[Stored items from a collection]

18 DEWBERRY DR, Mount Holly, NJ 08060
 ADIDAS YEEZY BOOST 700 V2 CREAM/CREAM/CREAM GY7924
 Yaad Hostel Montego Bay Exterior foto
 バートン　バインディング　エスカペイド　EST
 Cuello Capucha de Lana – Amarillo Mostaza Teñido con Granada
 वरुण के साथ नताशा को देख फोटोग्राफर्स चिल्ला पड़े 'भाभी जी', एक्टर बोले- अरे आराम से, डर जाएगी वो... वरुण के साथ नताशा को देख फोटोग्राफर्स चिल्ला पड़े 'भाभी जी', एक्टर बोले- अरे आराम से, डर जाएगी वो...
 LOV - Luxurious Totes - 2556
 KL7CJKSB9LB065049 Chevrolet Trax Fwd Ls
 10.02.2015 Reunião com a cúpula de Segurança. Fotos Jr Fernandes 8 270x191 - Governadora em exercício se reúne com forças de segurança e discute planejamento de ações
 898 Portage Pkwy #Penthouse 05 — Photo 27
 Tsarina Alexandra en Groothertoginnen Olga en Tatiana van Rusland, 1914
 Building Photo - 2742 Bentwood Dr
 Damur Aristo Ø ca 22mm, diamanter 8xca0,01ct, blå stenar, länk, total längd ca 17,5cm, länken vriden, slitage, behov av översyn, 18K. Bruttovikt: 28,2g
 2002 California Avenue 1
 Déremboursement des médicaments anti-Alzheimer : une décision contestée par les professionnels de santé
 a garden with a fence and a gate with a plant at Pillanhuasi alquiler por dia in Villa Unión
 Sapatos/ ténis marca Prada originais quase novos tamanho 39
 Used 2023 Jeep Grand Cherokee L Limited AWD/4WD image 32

▸ **Task directions**: Retype each of the preceding records exactly as printed.

▸ **Solution to this problem**:
18 DEWBERRY DR, Mount Holly, NJ 08060
 ADIDAS YEEZY BOOST 700 V2 CREAM/CREAM/CREAM GY7924
 Yaad Hostel Montego Bay Exterior foto
 バートン　バインディング　エスカペイド　EST
 Cuello Capucha de Lana – Amarillo Mostaza Teñido con Granada
 वरुण के साथ नताशा को देख फोटोग्राफर्स चिल्ला पड़े 'भाभी जी', एक्टर बोले- अरे आराम से, डर जाएगी वो... वरुण के साथ नताशा को देख फोटोग्राफर्स चिल्ला पड़े 'भाभी जी', एक्टर बोले- अरे आराम से, डर जाएगी वो...
 LOV - Luxurious Totes - 2556
 KL7CJKSB9LB065049 Chevrolet Trax Fwd Ls
 10.02.2015 Reunião com a cúpula de Segurança. Fotos Jr Fernandes 8 270x191 - Governadora em exercício se reúne com forças de segurança e discute planejamento de ações
 898 Portage Pkwy #Penthouse 05 — Photo 27
 Tsarina Alexandra en Groothertoginnen Olga en Tatiana van Rusland, 1914
 Building Photo - 2742 Bentwood Dr
 Damur Aristo Ø ca 22mm, diamanter 8xca0,01ct, blå stenar, länk, total längd ca 17,5cm, länken vriden, slitage, behov av översyn, 18K. Bruttovikt: 28,2g
 2002 California Avenue 1
 Déremboursement des médicaments anti-Alzheimer : une décision contestée par les professionnels de santé
 a garden with a fence and a gate with a plant at Pillanhuasi alquiler por dia in Villa Unión
 Sapatos/ ténis marca Prada originais quase novos tamanho 39
 Used 2023 Jeep Grand Cherokee L Limited AWD/4WD image 32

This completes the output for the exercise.